Aboyhasnoname
Hi
Bunuel Please can you help where I am going wrong....
If a train takes 30 seconds more for 2 kms ..then it means ...it takes 1 min more for 4 kms...means 30 mins more for 120 kms....
So ..travelling at 120km/hr.......time is 1 hour for 120 ...and the slower speed...takes 30 mins more ...means 1.5 hours for 120...so the ratio of time is 2:3....Now the ratio of speed of Faster to slower should be 3:2 ...Faster is 120..Slower should be 80.......
Can you please help where is it it that I am going wrong in his approach?
Your method is wrong because you’re applying the scaling incorrectly.
At 120 km/h, the train takes 60 minutes to cover 120 km. The scaling factor from 4 km to 120 km is 30, so both the distance and the time difference scale by 30.

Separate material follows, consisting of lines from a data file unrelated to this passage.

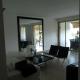 Two Bed apartment in a gated residence with gardens in Cannes with sea views 865 - Photo 8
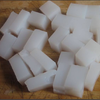 【YMHR】凉粉  夏季美味 商品缩略图1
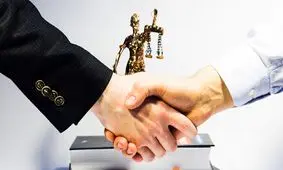 نقل و انتقال سهام چگونه انجام می‌شود؟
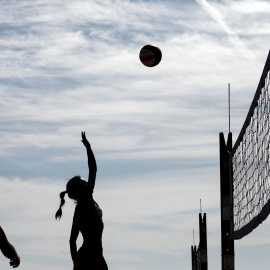 El tiempo en España, el 7 de agosto del 2021. El calor predomina en gran parte del país.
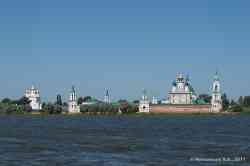 375 КБ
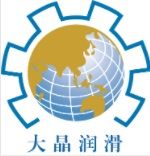 Qidong Dajing Lubrication Equipment Co., Ltd.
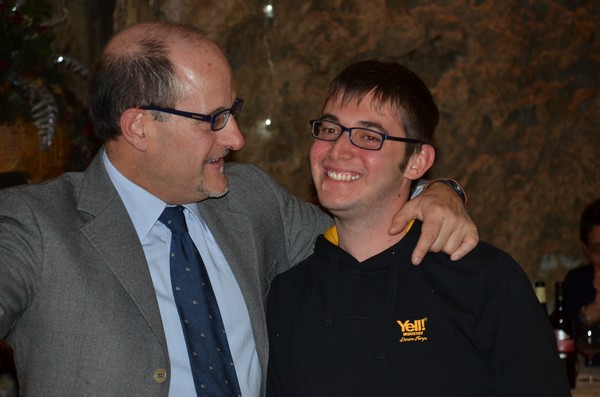 Cena di Fine Anno (22/12/2014) 058
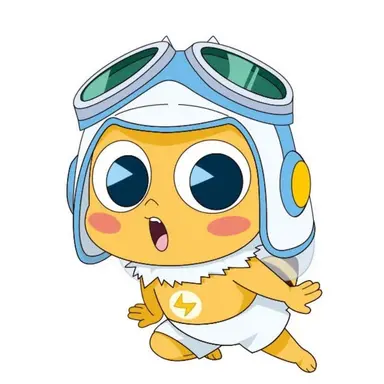 Profile image of 주비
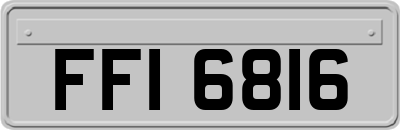 FFI6816
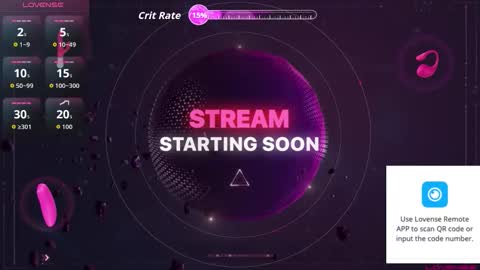 Snapshot of sub_under_limits chatting on 06/08/26, 08:26 Sub online show from 06/08/26, 08:26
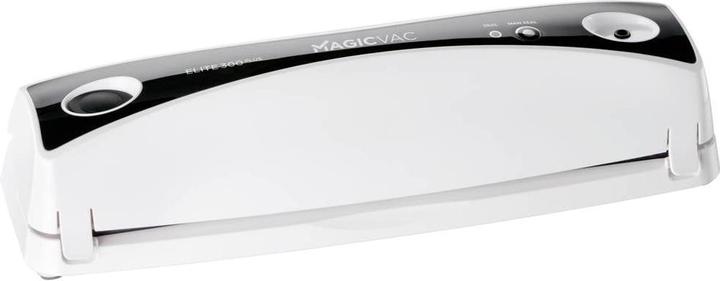 Actual product image Magic Vac ELITE 300 PLUS Vacuum Cleaner
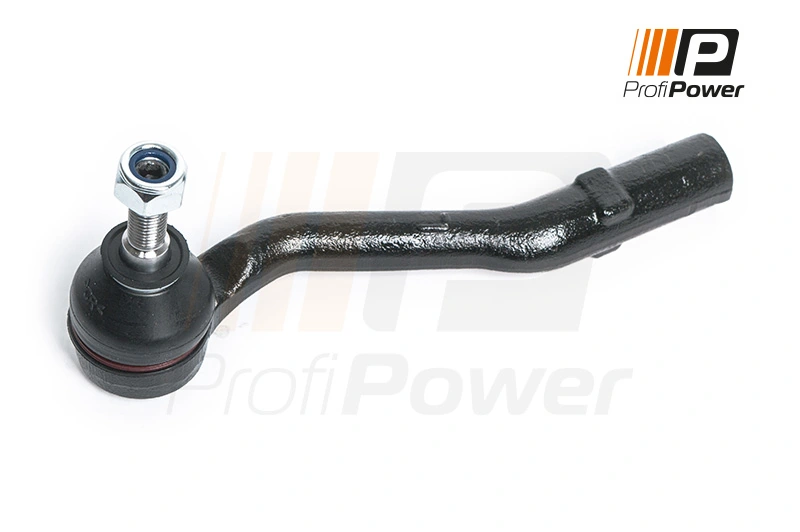 Tie Rod End 4S1237L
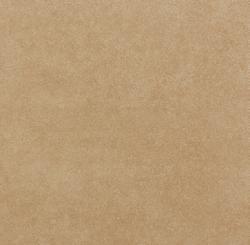 Seranit 60x60 Arc Lappato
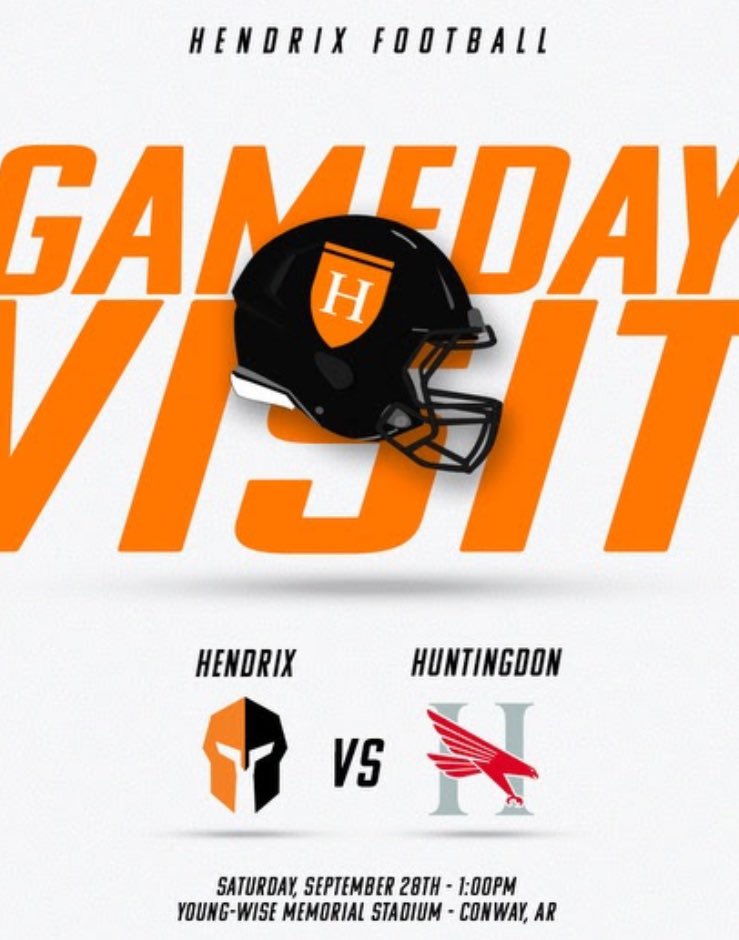 Kayden Allen tweet media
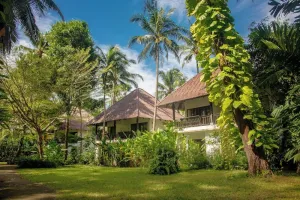 Haadson Resort Khao Lak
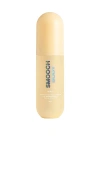 Smooch Body Nikki Fragrance Mist 90ml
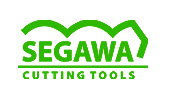 Segawa Tool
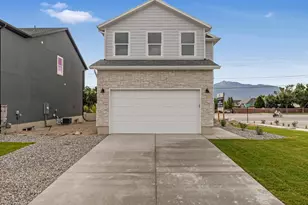 9511 S Tirado Cv, South Jordan, UT 84095 - Photo 2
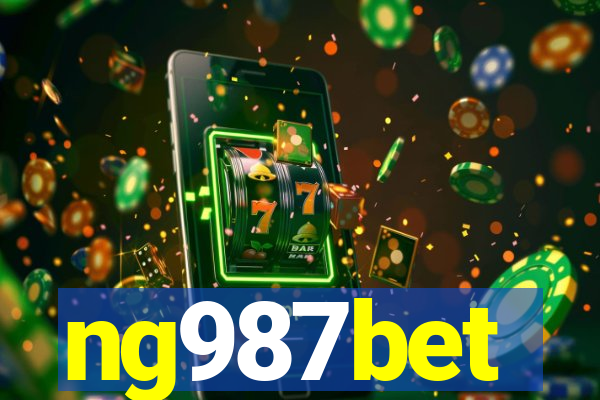 ng987bet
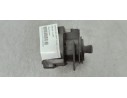 Recambio de mando luces para mercedes-benz clase a (w169) 2.0cdi 80 [160] fap referencia OEM IAM 1695452804  
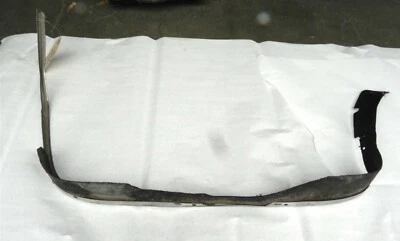 Cadillac 1973-74-75-76 delantero derecho bien moldeado usado  Foto 1 de 4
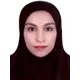 دکتر مهسا عشرتی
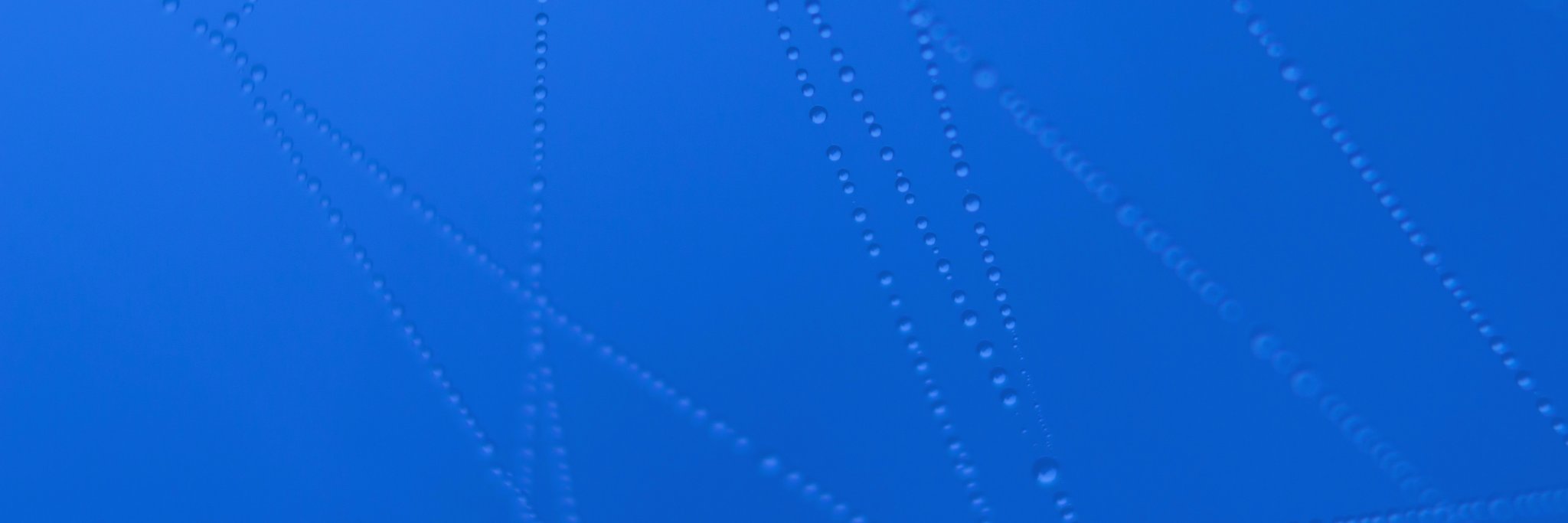 pen_mobile's profile banner image
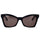 Balenciaga Sunglasses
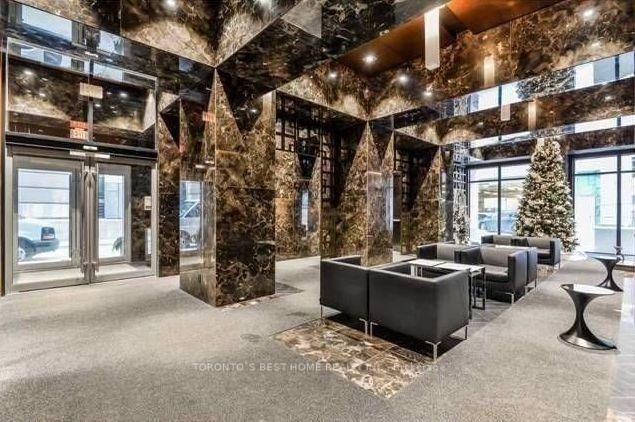 70 Temperance Street, Unit 4412 - Photo 14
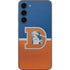 NFL Denver Broncos Vintage Galaxy S23 Plus Skin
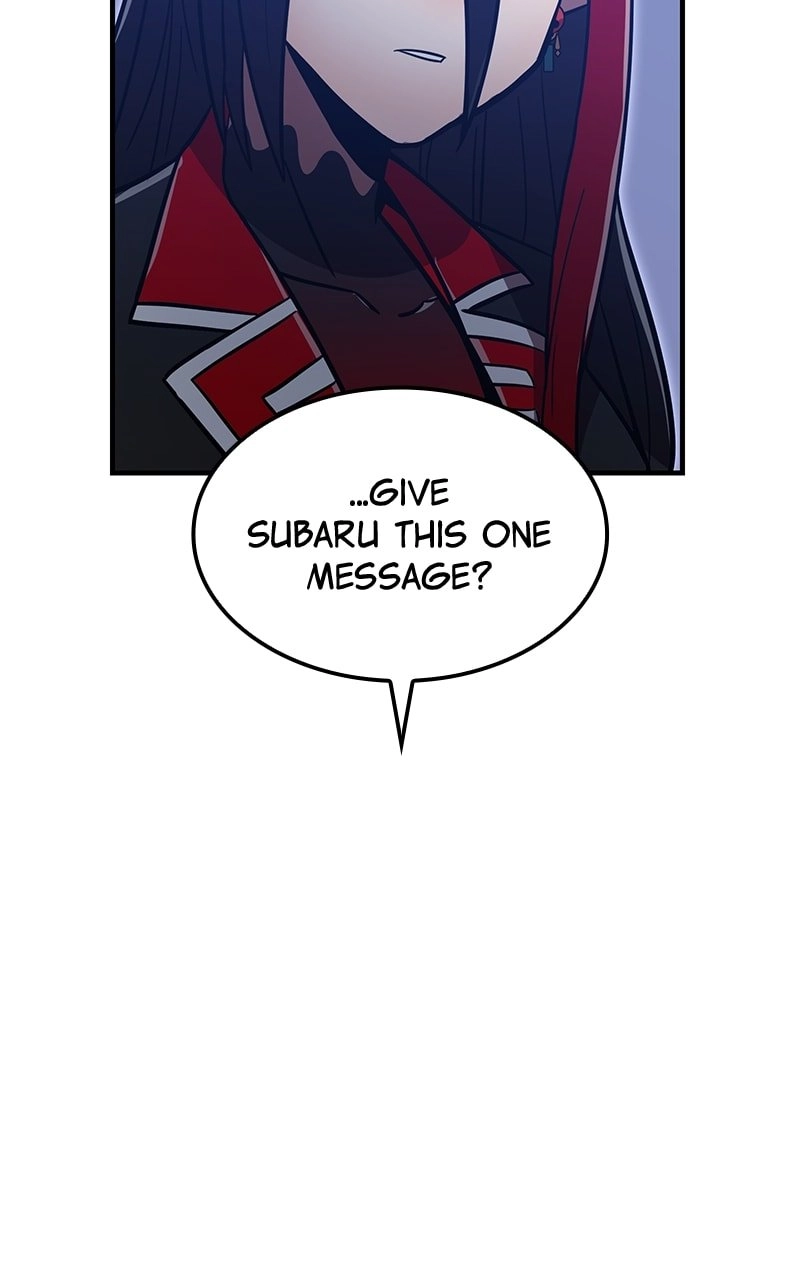 Savior of Divine Blood: Draw Out 0.00000001% to Become the Strongest Chapter 39 Page 57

That means the slower train will take 30 * 30 = 900 seconds (15 minutes) more to cover 2 * 30 = 60 km than the faster train does for 120 km. This gives 75 minutes for 60 km, and doubling the distance gives 150 minutes for 120 km.
The ratio of times is 150 to 60, or 5 to 2. Hence, the speed ratio is also 5 to 2, giving the slower train’s speed as 48 km/h.